→ PROMPT
Reproduce the listing that follows with no differences at all.

→ SUPPLIED INFORMATION
_ _ _ _
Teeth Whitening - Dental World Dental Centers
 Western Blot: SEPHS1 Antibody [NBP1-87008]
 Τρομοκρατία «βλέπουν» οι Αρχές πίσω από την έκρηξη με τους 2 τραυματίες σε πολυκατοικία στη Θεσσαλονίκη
_ _ _ _
→ RESPONSE FOR THIS EXERCISE
Teeth Whitening - Dental World Dental Centers
 Western Blot: SEPHS1 Antibody [NBP1-87008]
 Τρομοκρατία «βλέπουν» οι Αρχές πίσω από την έκρηξη με τους 2 τραυματίες σε πολυκατοικία στη Θεσσαλονίκη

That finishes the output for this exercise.